New MITx course brings a classic MIT undergraduate experience into the age of digital learning.
Mark Brown
Office of Digital Learning
Beginning this fall, students everywhere will have an opportunity to better understand one of the classic experiences of an MIT undergraduate, when edX releases 2.03x Dynamics on Oct. 28.

Mechanical Engineering is the second largest engineering department at MIT, and this version of the popular Dynamics course covers many key concepts in the first year curriculum for mechanical engineering (or Course 2) majors. “This course is a great way to discover what mechanical engineering is all about, and develop useful skills that serve any technical field of study,” says Professor David Gossard, the course’s lead instructor and lecturer.

Dynamics is fundamental to the mechanical engineering discipline, according to Gossard, because our world is filled with objects in motion, whether man-made or natural.

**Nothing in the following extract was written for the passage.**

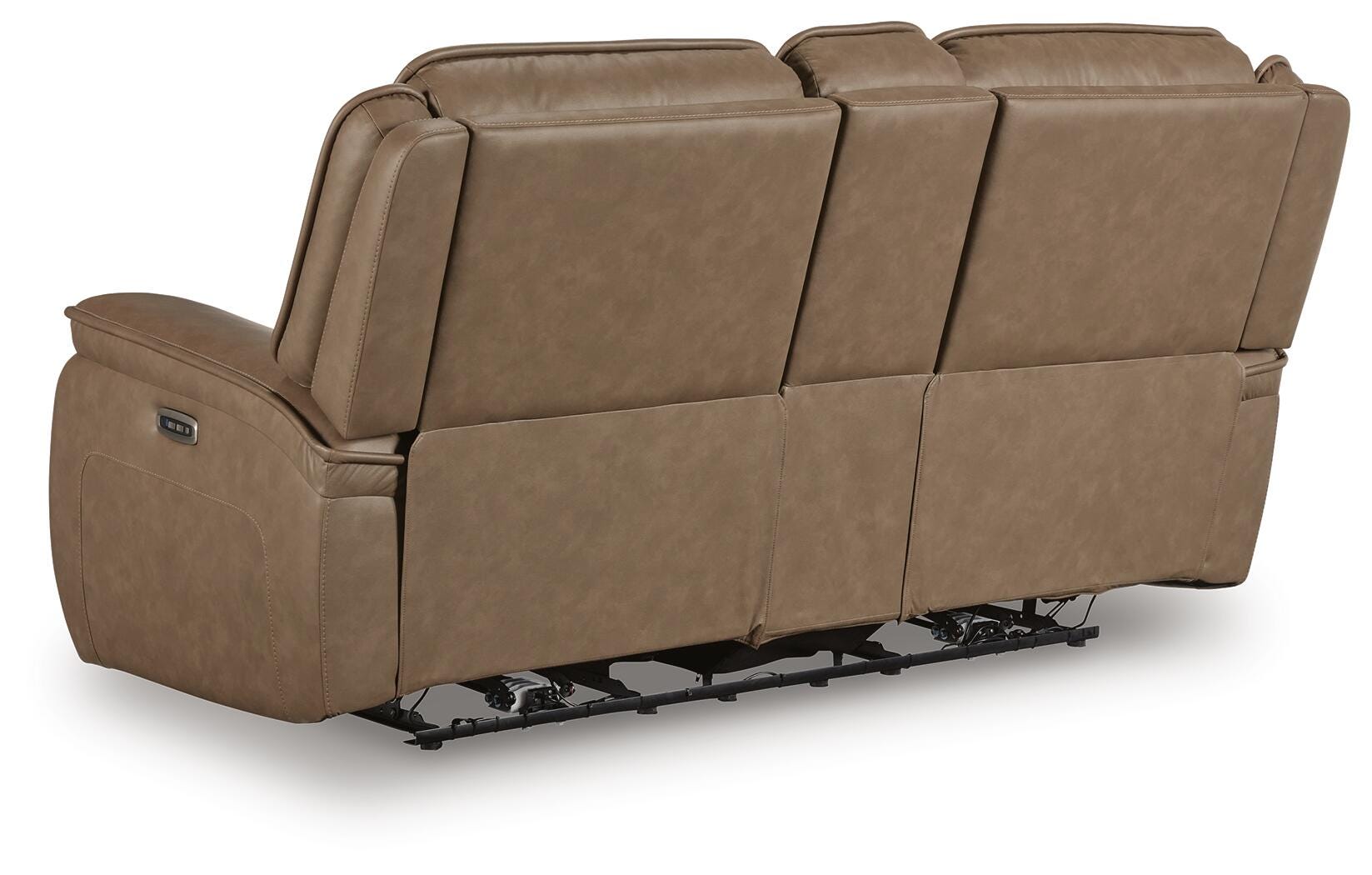 Glencroft Malcesine Dual Power Leather Reclining Sofa and Loveseat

Learning to analyze and predict dynamic movement in engineering systems is what enables one to understand the inner workings of machines that exist — and to invent new ones that don’t.

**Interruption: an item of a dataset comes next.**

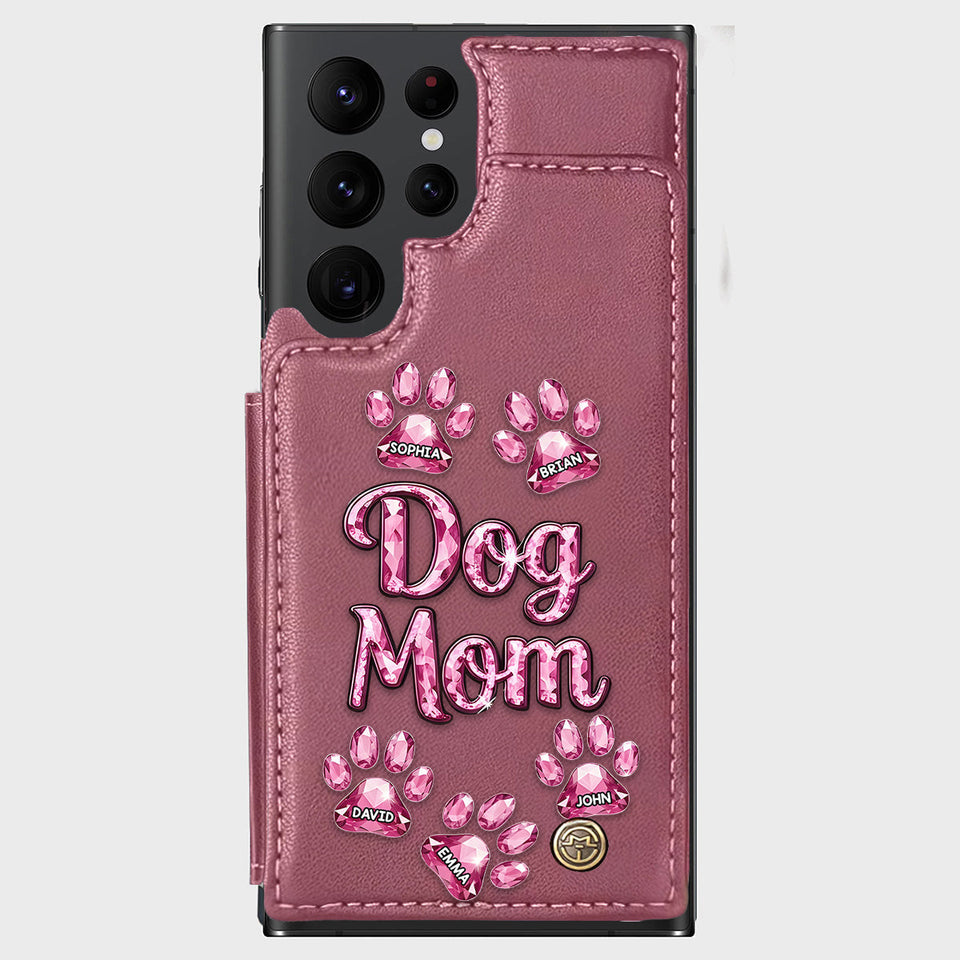 Dog Mom - Personalized Dog Wallet Phone Case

In addition to providing clear and practical examples, the course offers a thorough grounding in problem solving skills by teaching students how to approach complex problems in dynamics, and break them down into their components.

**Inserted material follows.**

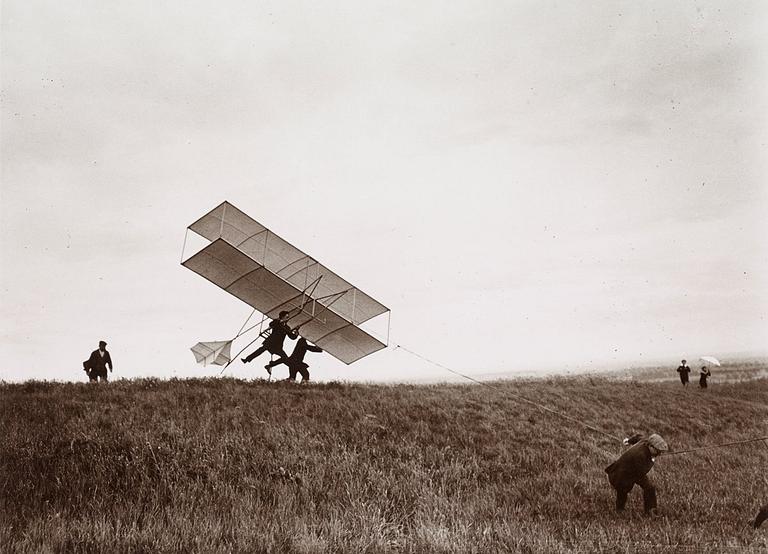 Jacques Henri Lartigue, "The Zyx 24 Takes Off, Rouzat, September 1910".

Professor Kim Vandiver, who teaches the course’s recitation sessions along with Professor Tom Peacock, offers an illustrative example. “When you’re describing complex motions, you have to be able to assign coordinates and velocities and positions and accelerations to properly describe the motions,” Vandiver says. “You need to figure out which of Newton’s laws apply, and then use the appropriate mathematics to arrive at the solution. By the end of this course, you can actually begin to solve some reasonably sophisticated problems.” Read more.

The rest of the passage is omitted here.